# Magrudergrinds new album!



## Arapala (Jun 2, 2009)

There new album is fucking rad! You can download it here off my blog if you'd like to.

Seeeing Red: Magrudergrind- Self TItled!!! (2009)

Anyways, give it a listen and tell me what ya think, vocals are a little more weak than rehashed but the music as a whole is so fucking brutal it makes up for it.


----------



## ianfernite (Jun 3, 2009)

I downloaded it a bit ago; I'll have to get around to listening to it! Magrudergrind are pretty good. Nothing special, though.


----------



## Avon Drunquist (Jun 5, 2009)

fuck yeah, man! thanks for making that available. I hope I can catch them somewhere out east this summer.


----------



## ianfernite (Jun 5, 2009)

Avon Drunquist said:


> fuck yeah, man! thanks for making that available. I hope I can catch them somewhere out east this summer.

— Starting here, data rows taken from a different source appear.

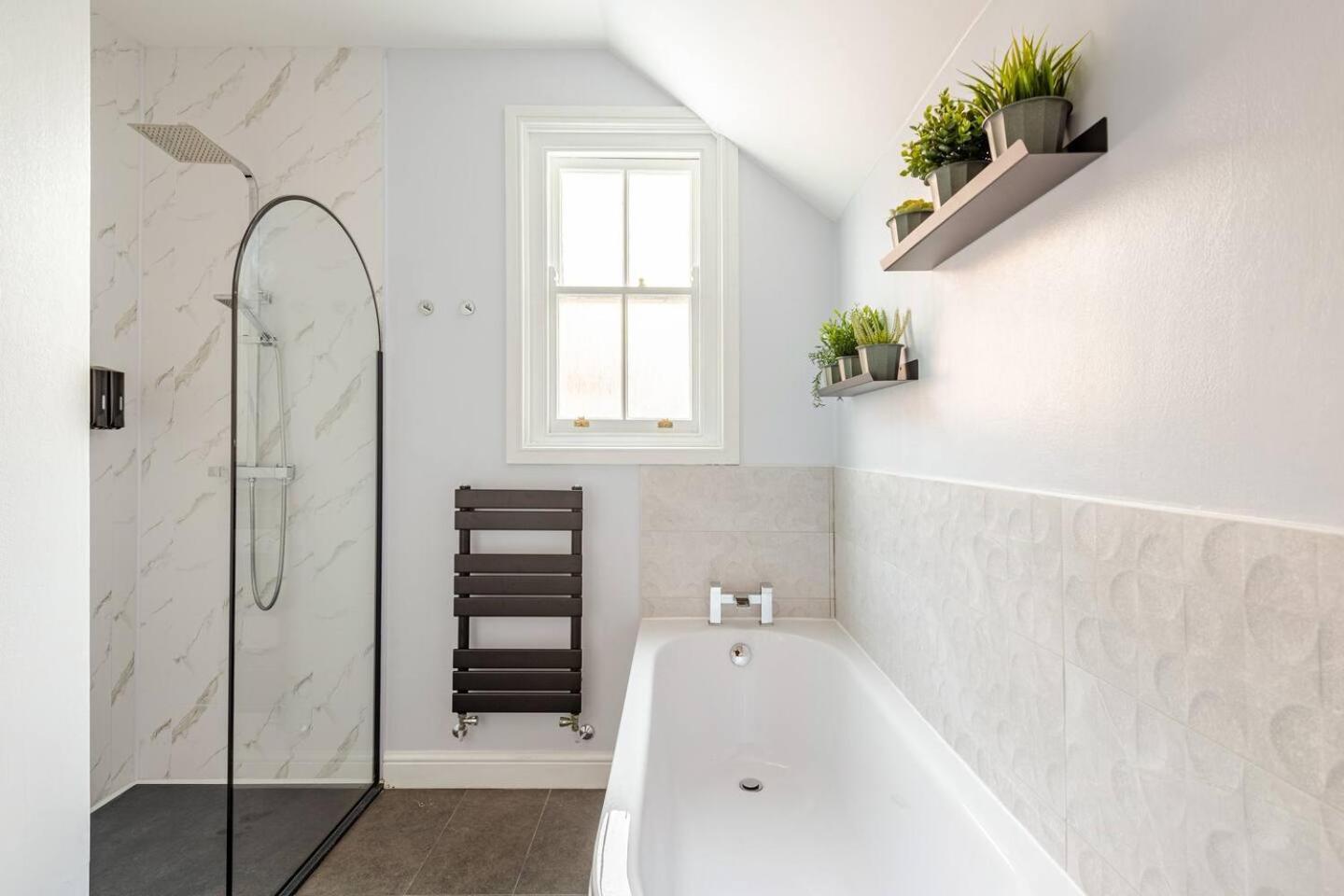 Stylish Flat In Central Location With Free Parking スウィンドン エクステリア 写真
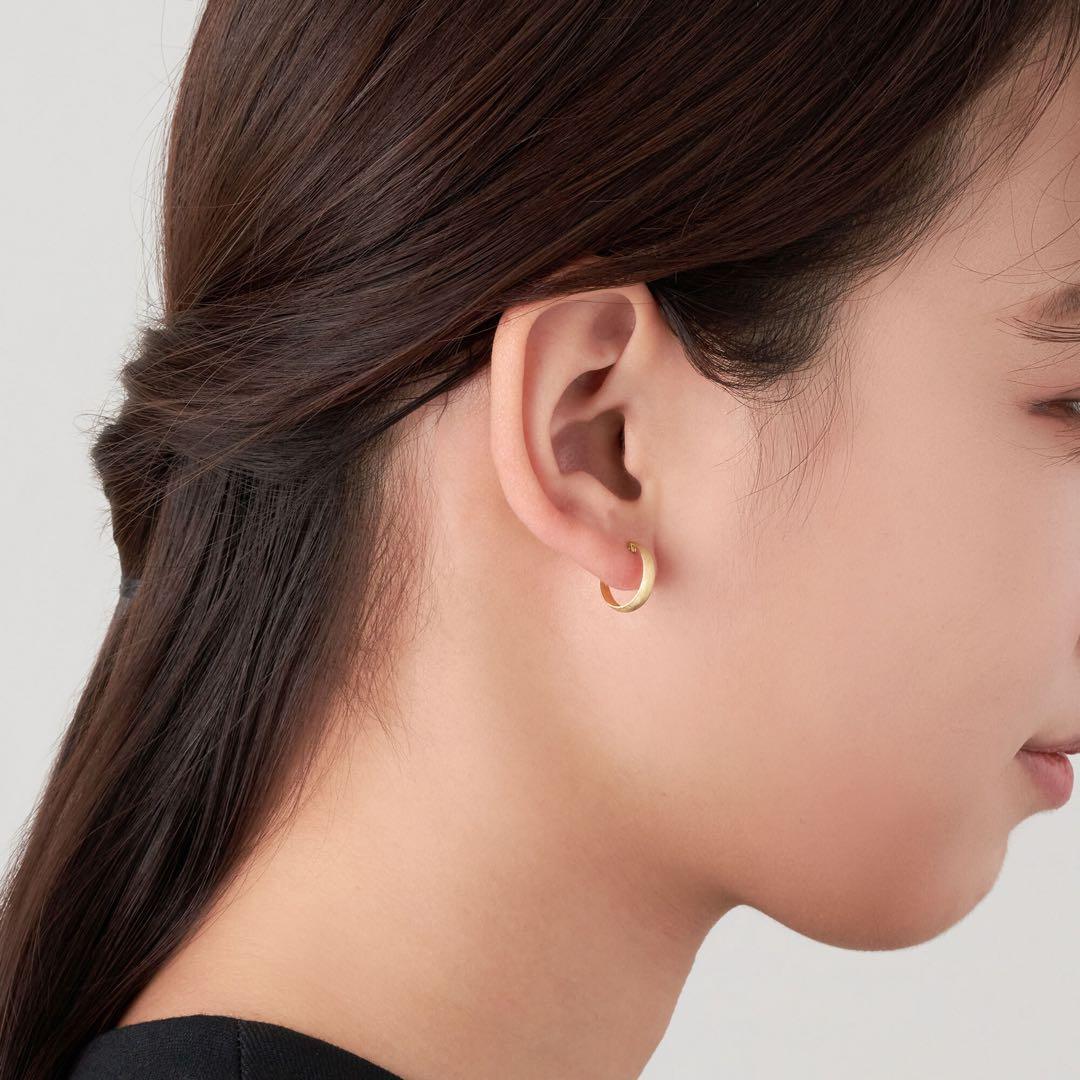 ヴァンドーム青山　イエローゴールド フープ ピアス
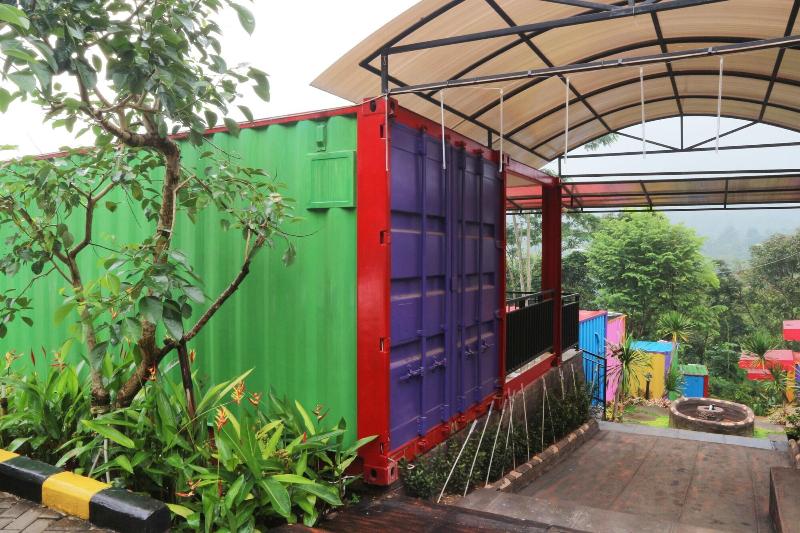 Szálloda Container Inn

BEST FRIENDS DAY. RVA. LATE AUGUST.
Do it.


----------



## Avon Drunquist (Jun 5, 2009)

I'll probably be there. It'll probably be a big ole aggro-fest, though.


----------



## ianfernite (Jun 5, 2009)

What do you mean by that? Were you there last year?


----------



## skunkskunk (Aug 9, 2009)

total win!!


----------